### The input
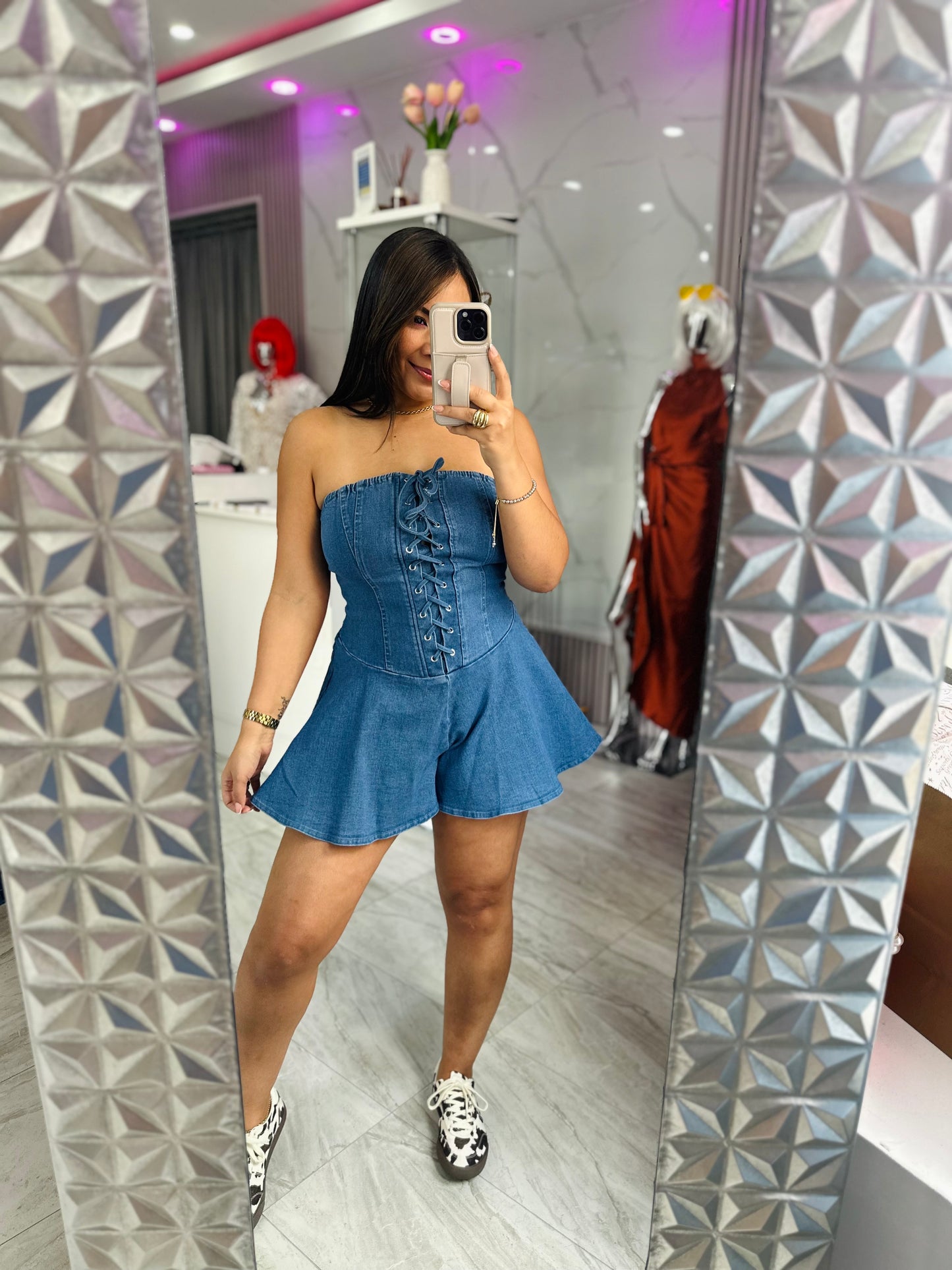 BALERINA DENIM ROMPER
==
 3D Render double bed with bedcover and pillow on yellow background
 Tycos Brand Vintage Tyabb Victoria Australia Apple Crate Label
---
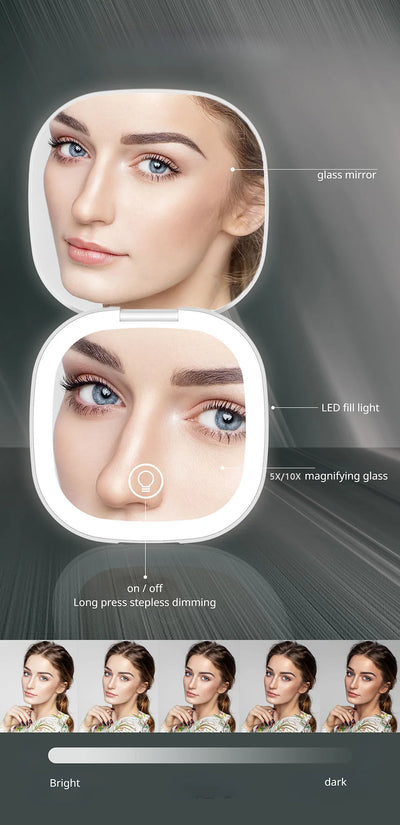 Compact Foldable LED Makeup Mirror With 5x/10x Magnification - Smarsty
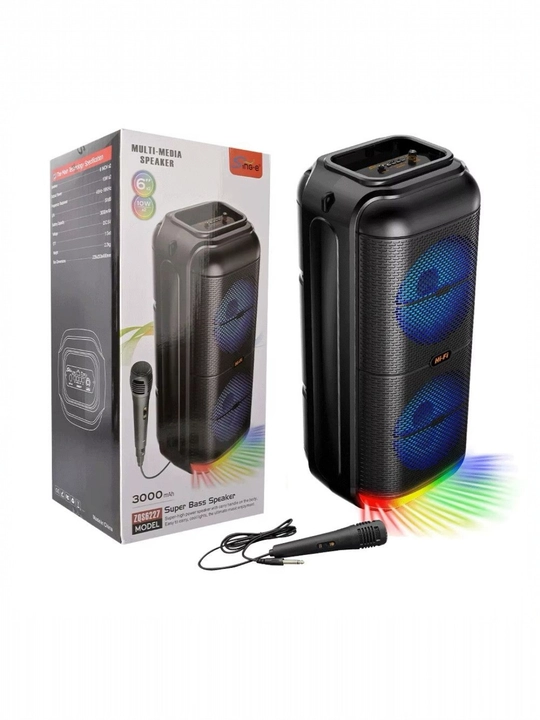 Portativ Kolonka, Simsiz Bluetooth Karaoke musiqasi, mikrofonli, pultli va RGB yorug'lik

### What you have to do
The expected answer is an exact copy of the lines above, beginning at the line with "3D Render double" and ending at the line with "Tycos Brand Vintage", with both ends in.

### Task solution
 3D Render double bed with bedcover and pillow on yellow background
 Tycos Brand Vintage Tyabb Victoria Australia Apple Crate Label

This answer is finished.